AbstractsLanguage, Literature & Linguistics

No Net Ensnares Me: Marriage, Stock Roles, and the Beauty Myth in Feminist Retellings of Fairy Tales

by Giulia Genevieve Pink




Institution: University of Detroit Mercy
Department:
Year: 2015
Keywords: Fairy Tales, Feminism, Charlotte Bronte, Angela Carter, Christine Heppermann
Record ID: 2058727
Full text PDF: http://hdl.handle.net/10429/782


Abstract

No Net Ensnares Me: Marriage, Stock Roles, and the Beauty Myth in Feminist Retellings of Fairy Tales examines feminist adaptations of fairy tales in order to analyze the cultural norms inscribed in folklore as well as the ideology of the revisionist texts. Adaptation allows feminist authors to reframe the possible plotlines for female characters, thus critiquing traditional gender roles and the narrative forms that have circumscribed women’s lives. I take three pivotal texts as case studies: Charlotte Brontë’s 1847 novel Jane Eyre, Angela Carter’s 1979 collection of short stories The Bloody Chamber, and Christine Heppermann’s 2014 volume of poetry and photography Poisoned Apples: Poems for You, My Pretty. The diversity of these texts is both historical and generic, facilitating a comparative approach that highlights the particular cultural pressures and gendered morals each text is reacting against. In Jane Eyre, Bronte challenges the traditional marriage plot and reinscribes the role of “savior” as one that defies gender stereotypes. Ultimately, however, she is unable to imagine a denouement for the novel that does not rely on heterosexual love, which is, arguably, also a controlled and hindered love. In The Bloody Chamber, Angela Carter critiques stock roles for female characters and creates new, complex characters for readers in the height of second-wave feminism.
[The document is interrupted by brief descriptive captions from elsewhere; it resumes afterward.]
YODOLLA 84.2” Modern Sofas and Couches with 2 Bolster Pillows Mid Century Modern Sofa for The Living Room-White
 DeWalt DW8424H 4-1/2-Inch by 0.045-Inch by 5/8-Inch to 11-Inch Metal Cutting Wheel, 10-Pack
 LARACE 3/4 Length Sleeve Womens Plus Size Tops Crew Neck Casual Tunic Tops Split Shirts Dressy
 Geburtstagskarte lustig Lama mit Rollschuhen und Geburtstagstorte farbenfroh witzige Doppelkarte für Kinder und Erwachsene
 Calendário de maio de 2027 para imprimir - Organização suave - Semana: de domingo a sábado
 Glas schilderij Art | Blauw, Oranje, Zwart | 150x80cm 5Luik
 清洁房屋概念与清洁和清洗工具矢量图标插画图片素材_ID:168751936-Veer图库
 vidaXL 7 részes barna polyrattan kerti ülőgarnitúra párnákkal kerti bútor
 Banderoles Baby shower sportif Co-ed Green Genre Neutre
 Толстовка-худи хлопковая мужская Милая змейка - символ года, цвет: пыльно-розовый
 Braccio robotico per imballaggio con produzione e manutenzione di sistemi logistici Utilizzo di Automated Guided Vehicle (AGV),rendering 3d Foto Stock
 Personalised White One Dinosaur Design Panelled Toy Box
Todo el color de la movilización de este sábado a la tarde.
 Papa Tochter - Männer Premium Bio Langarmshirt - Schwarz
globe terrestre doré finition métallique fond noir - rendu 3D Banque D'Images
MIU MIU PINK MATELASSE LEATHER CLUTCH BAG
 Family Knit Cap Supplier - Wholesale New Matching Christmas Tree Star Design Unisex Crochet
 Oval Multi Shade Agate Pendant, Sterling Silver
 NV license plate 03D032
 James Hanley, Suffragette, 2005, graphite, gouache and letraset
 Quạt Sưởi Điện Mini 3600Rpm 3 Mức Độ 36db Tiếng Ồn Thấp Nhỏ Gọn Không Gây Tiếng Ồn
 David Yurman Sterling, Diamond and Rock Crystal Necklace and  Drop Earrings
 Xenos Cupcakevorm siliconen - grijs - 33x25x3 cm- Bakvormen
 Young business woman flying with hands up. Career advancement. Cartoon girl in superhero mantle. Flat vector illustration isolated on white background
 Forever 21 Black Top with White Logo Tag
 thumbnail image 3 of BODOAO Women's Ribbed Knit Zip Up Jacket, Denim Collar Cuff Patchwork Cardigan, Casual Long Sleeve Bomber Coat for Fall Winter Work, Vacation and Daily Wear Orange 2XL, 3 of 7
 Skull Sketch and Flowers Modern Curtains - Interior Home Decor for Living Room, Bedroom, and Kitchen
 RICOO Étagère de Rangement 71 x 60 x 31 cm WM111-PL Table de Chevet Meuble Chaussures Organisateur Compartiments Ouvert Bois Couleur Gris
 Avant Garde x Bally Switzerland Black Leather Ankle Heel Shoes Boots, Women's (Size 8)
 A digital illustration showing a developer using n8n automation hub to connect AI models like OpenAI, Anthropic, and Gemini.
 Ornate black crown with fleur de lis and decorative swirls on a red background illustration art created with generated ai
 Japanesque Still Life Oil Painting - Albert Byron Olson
In Poisoned Apples, Christine Heppermann challenges society’s traditional and gendered morals through a collection of poetry and photography. Through this intertextuality, she critiques society’s pressure on women to take on traditional roles and to ostracize those who do not. In the coda to the thesis, I examine the most recent film adaptation of “Cinderella” and argue that this loose retelling of Disney’s 1950 cartoon, while providing a wider range of roles for women, punishes the women who act outside of traditional moral roles and only provides benefits for women who invest their worth into the men who pursue them.